Poor Teaching: Explore and Question Knowledge Distillation under Distribution Shift
We propose a unified framework for evaluating the performance of knowledge distillation under distribution shift.
摘要
评审与讨论
The authors of this submission aim to study how student models, trained via various knowledge distillation (KD) approaches, perform under distribution shift, i.e., when KD is performed on different datasets than the target dataset.
Specifically, the authors report results on multiple datasets and study how hyperparameters and design choices (e.g., choice of optimizer, data augmentation) and different KD algorithms affect the students' performance on a given test dataset.
The authors argue that no method consistently outperforms 'vanilla' logit-based KD (Hinton et al., 2015) and that data augmentation as well as the choice of the the optmizer can help improve performance.
优点
S1: Better understanding failure cases of current knowledge distillation approaches is an important topic, as the computational gap between models that are run on edge devices and the most performant large models is increasing.
S2: The authors evaluate a wide range of different KD approaches and the finding that more complex KD approaches only offer limited gains over 'vanilla' KD is interesting.
缺点
Unfortunately, in the current state this submission does not meet the bar for acceptance at ICLR. Some of the biggest concerns are the following:
W1 (presentation unclear): First and foremost, the presentation and organisation of the manuscript are severely lacking. Even after reading the manuscript several times, the exact setup studied remains unclear to me. Given that the authors aim to introduce a 'benchmark for KD under distribution shift', this is a major concern. To name a few open questions: what data are the students trained on for any given dataset? What data are the teachers trained on? Why should one hope to obtain students that are robust to the colour shift in CMNIST if the teachers are not robust either (see table 1)?
W2 (insufficient contribution): As far as I can follow, the authors seem to evaluate 12 existing KD approaches on 5 different datasets (as discussed in W1, the exact setting remains unclear), apply various augmentation techniques during training, and optimise the hyperparameters for the different approaches. While the breadth of KD approaches and a grid search over the hyperparameters are laudable, this seems to be a minimal requirement for an experimental comparison rather than a sufficient contribution. Of course, a thorough experimental evaluation can be highly valuable if it allows for obtaining new insights or develop novel hypotheses that can be further explored in future work. However, in this submission, the lack of clarity w.r.t. the setting (see W1) make this difficult and the findings discussed by the authors (e.g. data augmentation helps performance) are not sufficiently novel.

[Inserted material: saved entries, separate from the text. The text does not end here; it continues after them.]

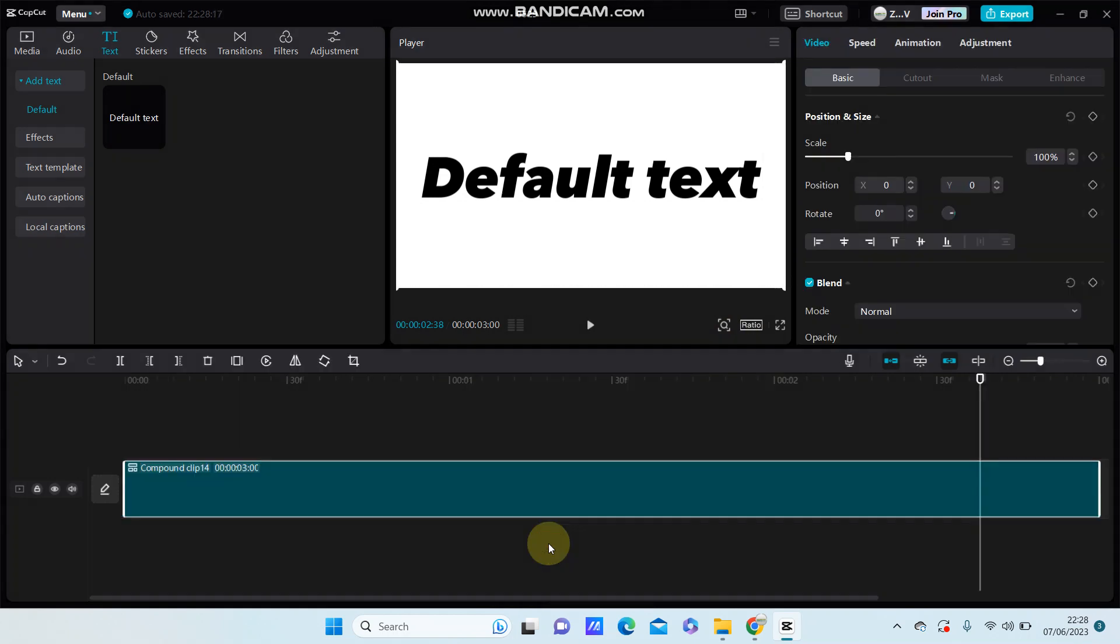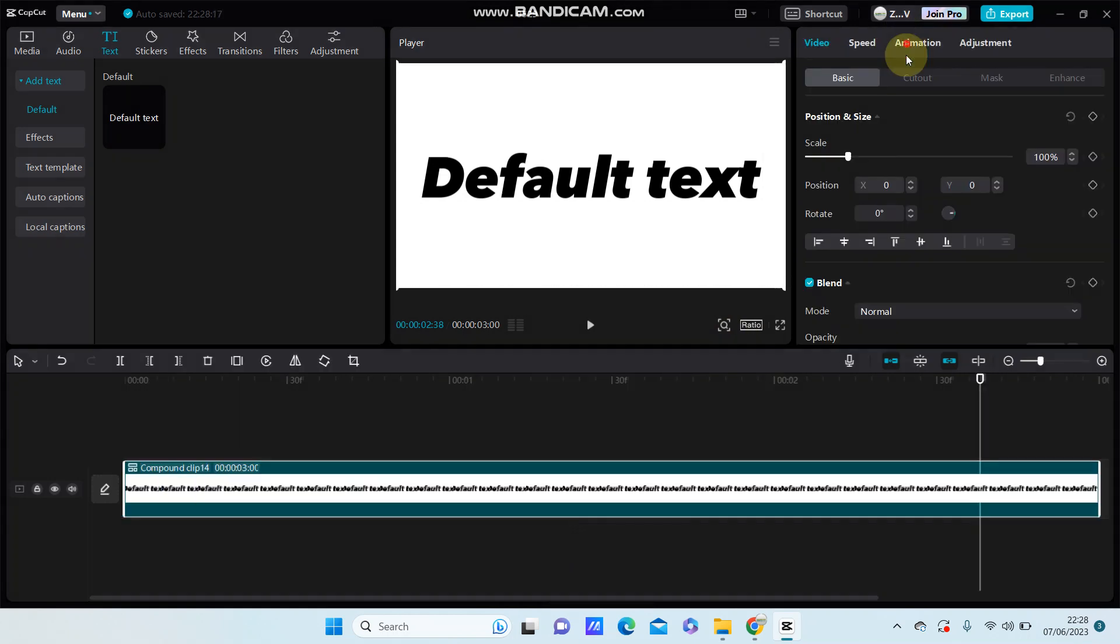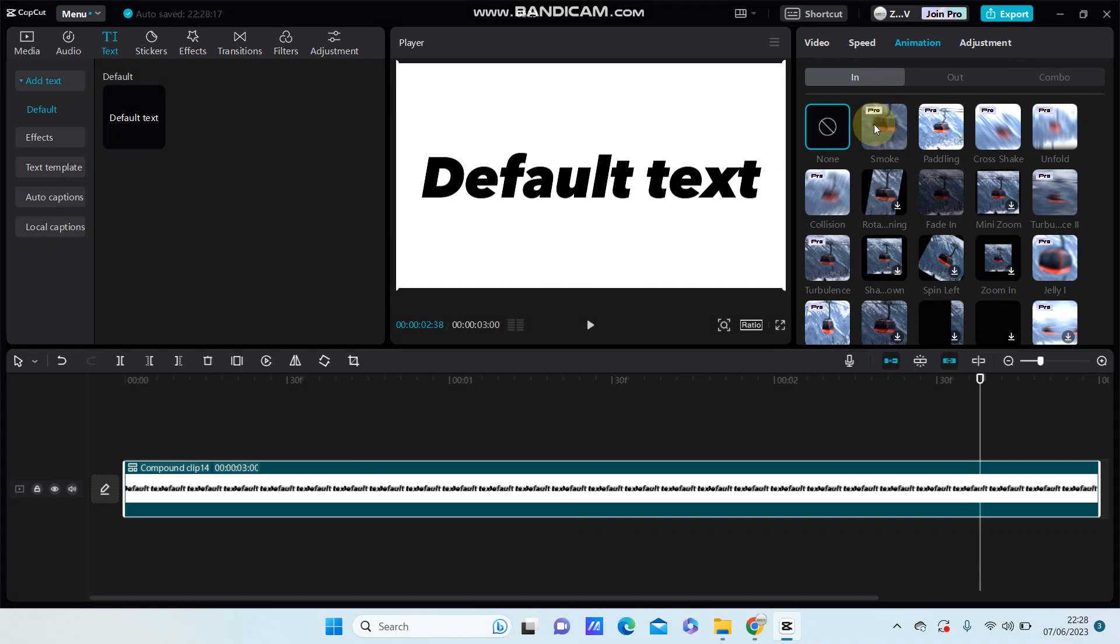Go to animation and select animation, and you can find the smoke animation effect. This is a pro effect, you have to join pro to be able to use this.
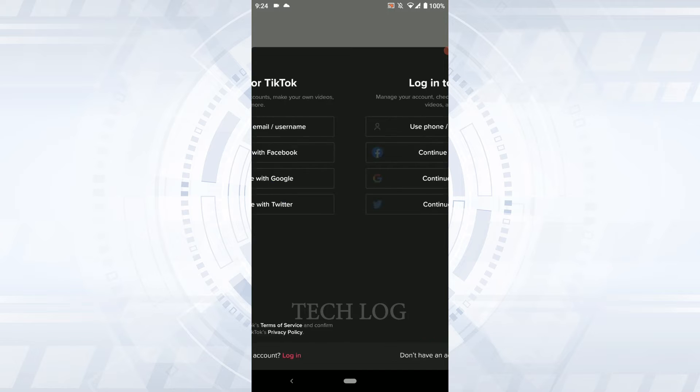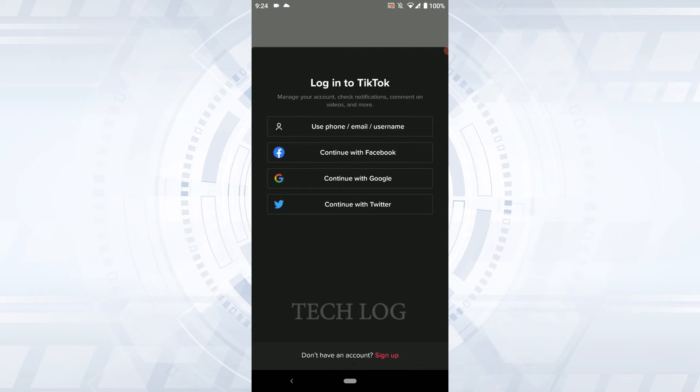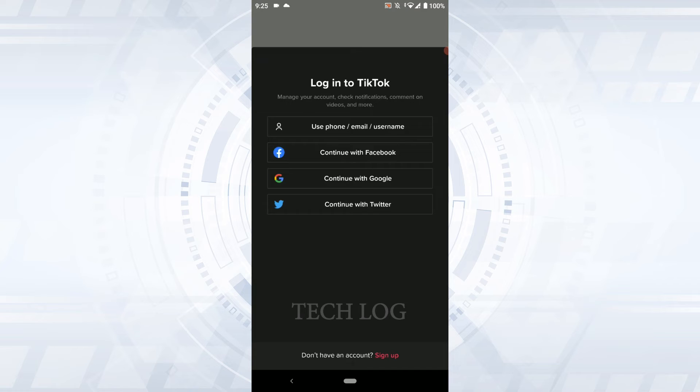To log in, you have several options. You can log in with phone, email, or username, or you can use other social media platforms like Facebook, Google, or Twitter if you've linked your TikTok Lite account with them. Here, we'll use the email process, so tap on Use Phone/Email.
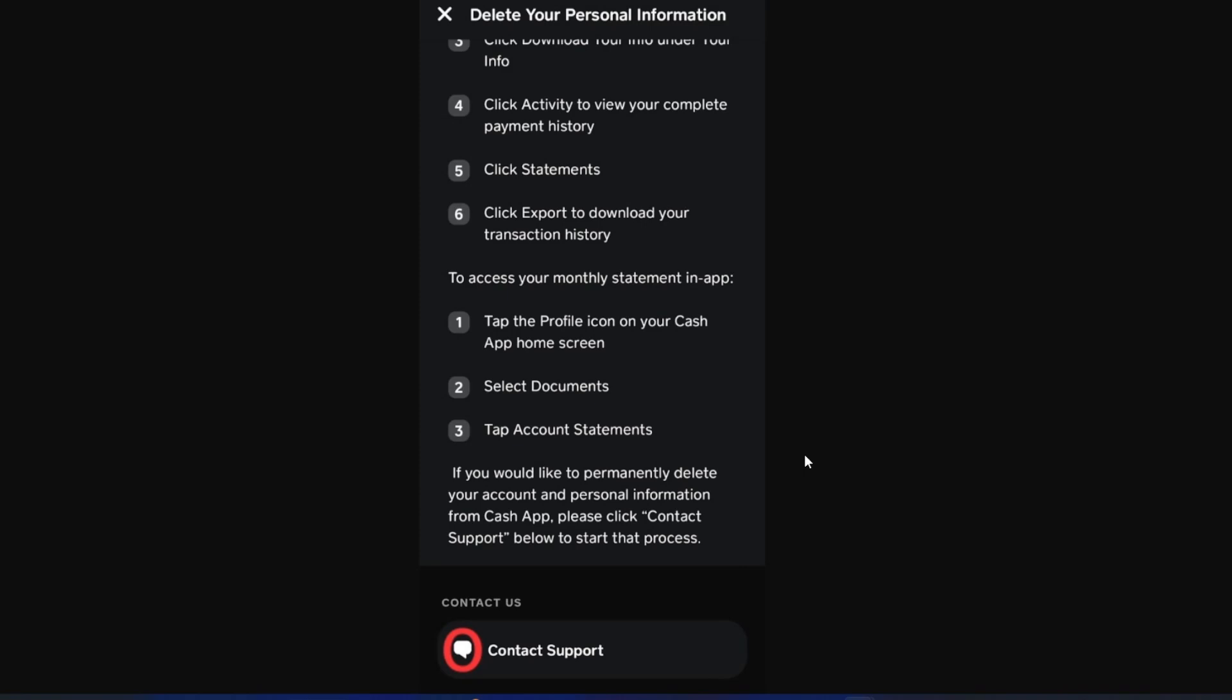You have to tell them that you want to delete your account transactions for whatever specific reason you have. From there, that's going to be deleted and they're going to do that work for you.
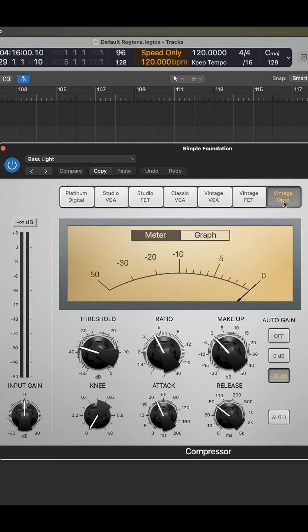Platinum Digital is just a clean, transparent digital compressor. Hope that gives you an idea of where to start.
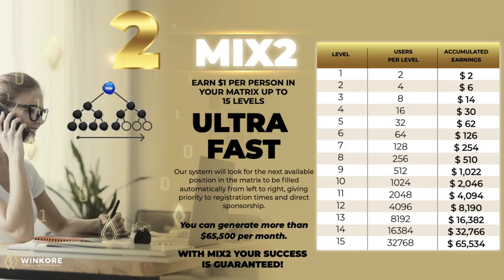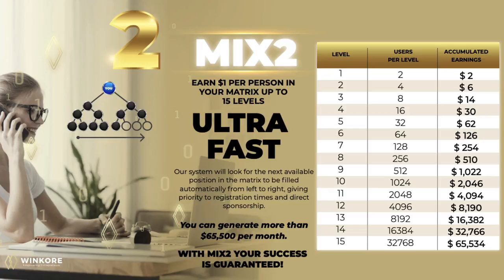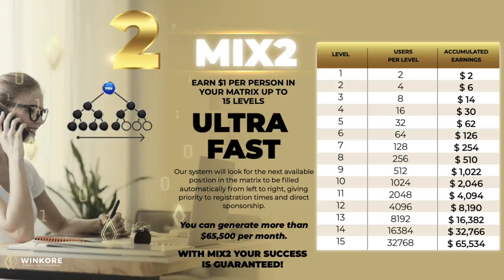Our Mixed 2 Bonus is our ultra-fast 2x2 force matrix bonus that pays you $1 per person in 15 levels. The way it works is our system will look for the next available position in the matrix to be filled automatically from left to right, creating a perfect binary structure. With this bonus alone you can earn more than $65,000 a month. This is also the bonus that even a customer consuming our products can earn money without selling or recruiting anyone.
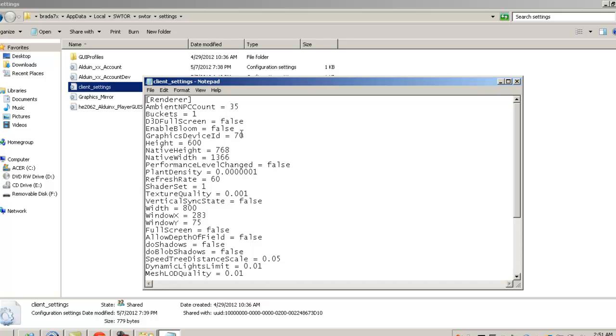Bloom definitely needs to be off. Let's see, what else we got here? Window height, you don't want to mess with too much. Plant density, this is usually I think just like 2 to 5. I turn mine way down, just because you don't want to have too many plants loading in the background as you're trying to run through environments and stuff. Yeah, it looks pretty, but it's not necessary to have.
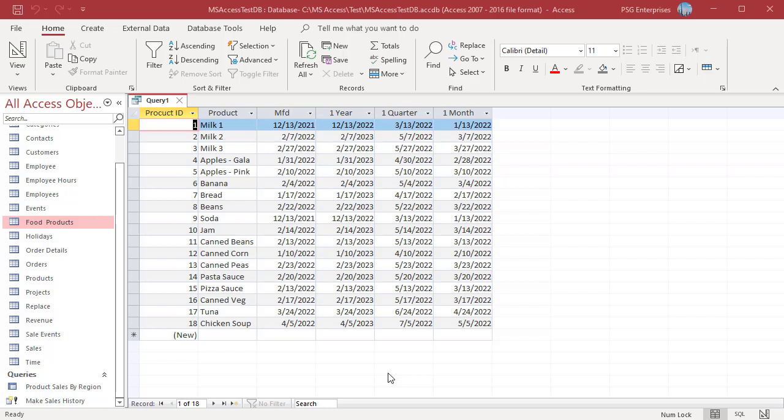The DateAdd function will not return an invalid date. When one month is added to 1-31-2022, DateAdd returns 2-28-2022, not 2-31-2022.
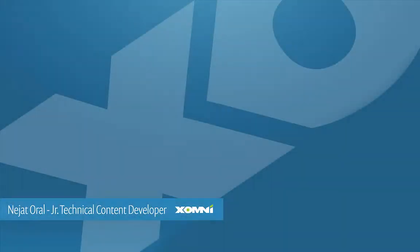Hi, my name is Nejat Sechkin Oral and today I'll be talking about Omni Login Sample App created by Zomni.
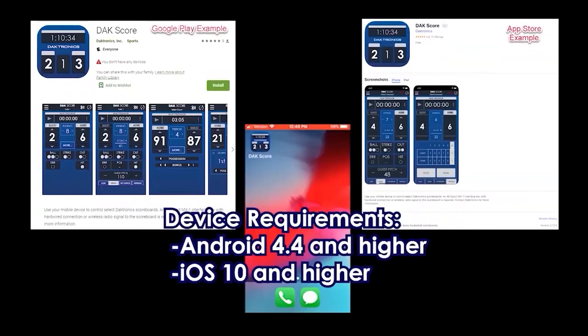In this video, we will review baseball operation within the DAC Score app. To get the DAC Score app, search for DAC Score and download the app in the Google Play Store or App Store depending on the device you are using.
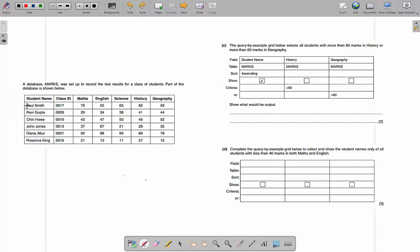The records are the record of information about a person or item — so this is the record of information about Paul Smith, and this is the record about John Jones. With records it's slightly different — you do miss out the top row because that is a label; it isn't a record about student name, it's just the label for what the information is about. So if we're looking at how many records there are, there are one, two, three, four, five, six.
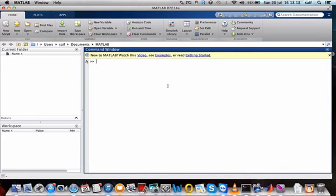Hello viewers, welcome back. This is Part 2 of MATLAB basics. In this class we are going to see solving equations, vectors and matrices, and how to solve equations. Let's start with solving equations.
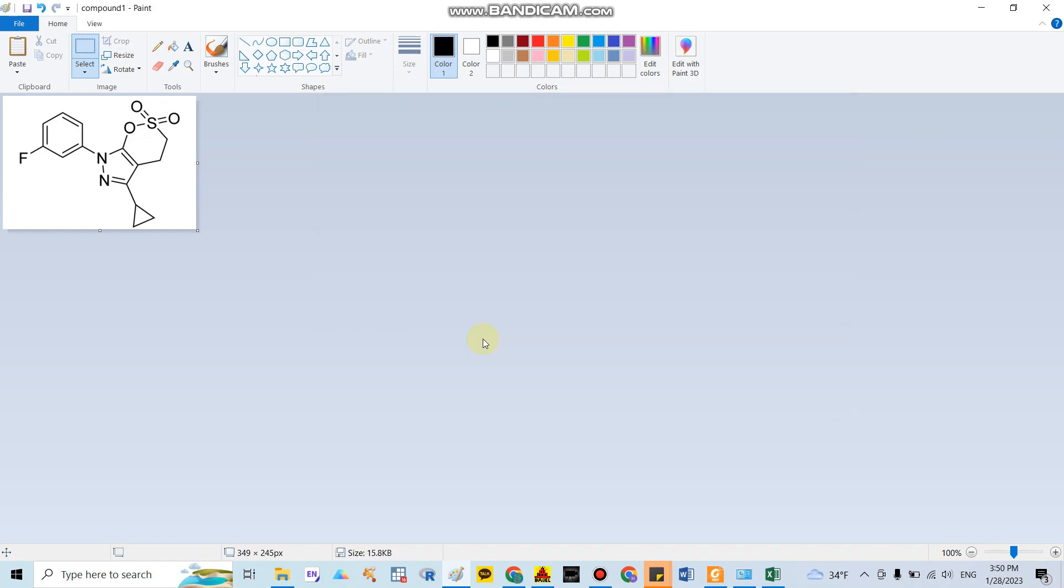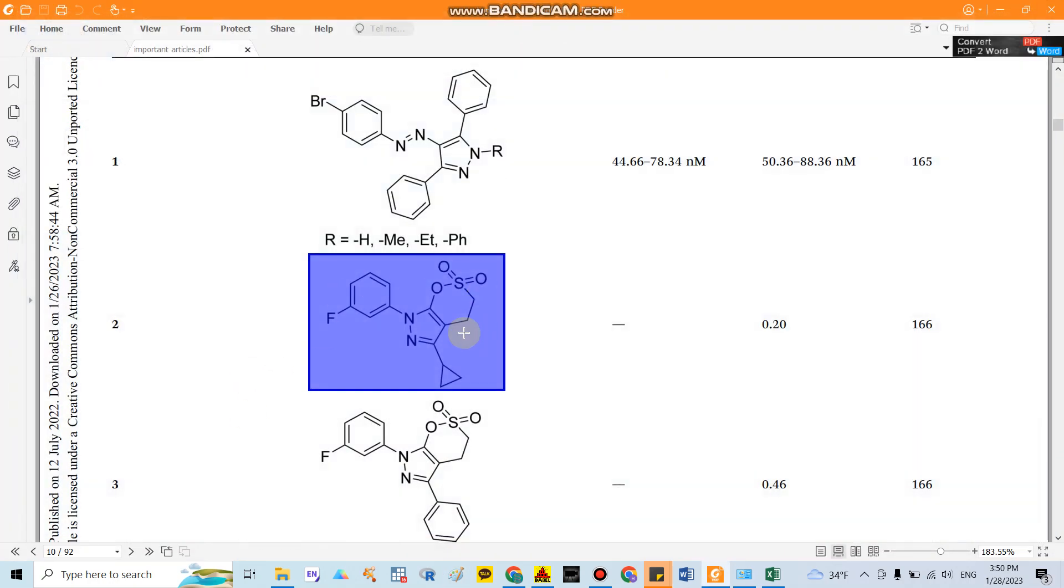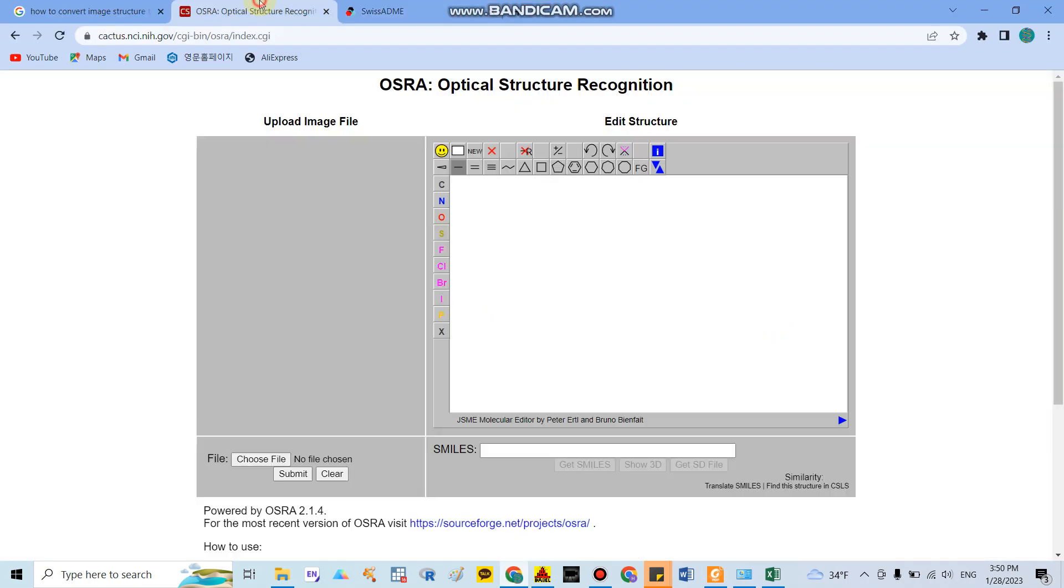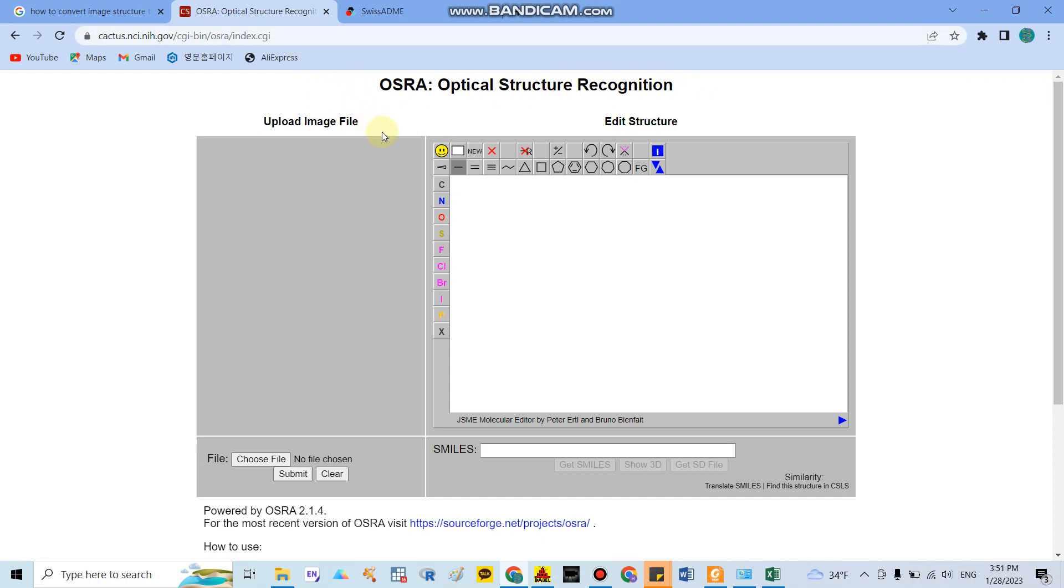After you crop and save the image, you go to Google and you write down the website called OSRA - the Optical Structure Recognition. I will describe the link in the comment in my video and you can follow me easily.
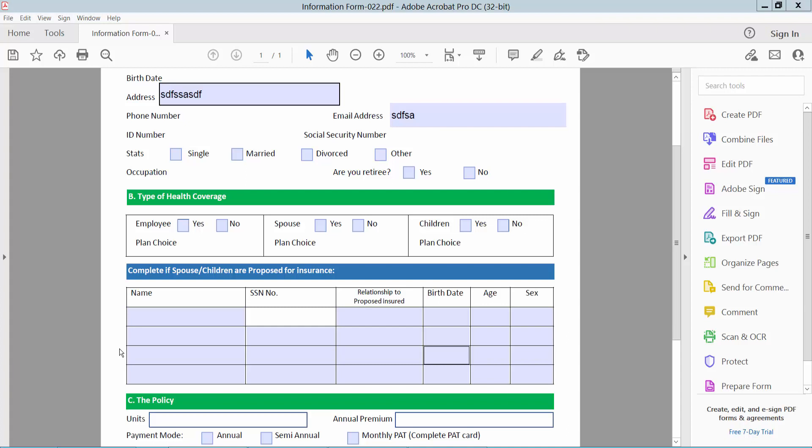Hello everyone, today I will show you how to change a fillable text field or form field name using Adobe Acrobat Pro DC.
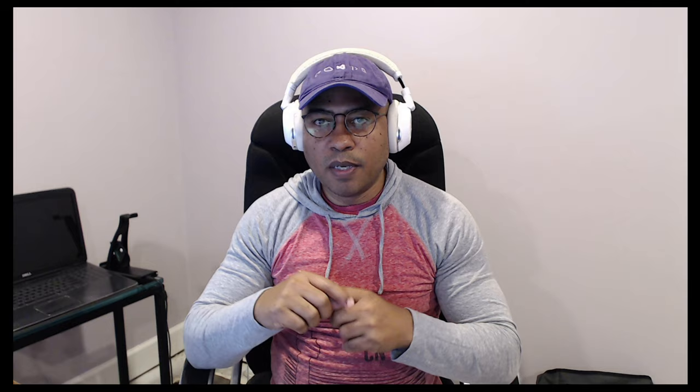The idea here is we're going to take a payables transaction from a form entry processing in AI Builder using Power Apps, and we'll run that through a cycle of UI flows via Microsoft Power Automate to record that transaction in Microsoft DynamicsGP. How fun is that? Well, let's get started with part one of our series, and here's how we do it.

W3 (technical soundness): The authors make several statements that are unclear or that lack a thorough experimental validation. Some examples:
- "[Our benchmark] can provide insight into different ways and enhance KD interpretability and stability by regulating negativity." In which way does the benchmark increase KD interpretability or stability? What do these terms mean in this context? What does "regulating negativity" mean?
- "In theory, we expect the student model can generalize to different distributions that are invisible shifts." Again, it is unclear to me what this means.
- "These findings inspired us to further understand the role of knowledge source in KD against distribution shift, and guides us to design new algorithms." It is unclear to me which 'new algorithms' the authors refer to here.
- "Different students fall into diverse activation maps." + Figure 4: the CAM visualisations of a single image are not sufficient to support the conclusions drawn by the authors.
- More generally, the lack of clarity with respect to the experimental setup (see W1) makes it difficult to draw robust conclusions from the presented results
问题
Please see weaknesses.
This work benchmarks the knowledge distillation under the setting of distribution shift, where the training data for teacher network differs from the data for student network ,e.g. style. Two types of distribution shift is studied: diversity shift and correlation shift. The authors also study the effect of data augmentation as a mean to change data distribution. They conduct extensive experiment over 20 publicated KD methods and summarize some suggestion.
优点
- The author systematically investigate the problem of distribution shift for knowledge distillation. The topic is interesting and important for KD in real-world application.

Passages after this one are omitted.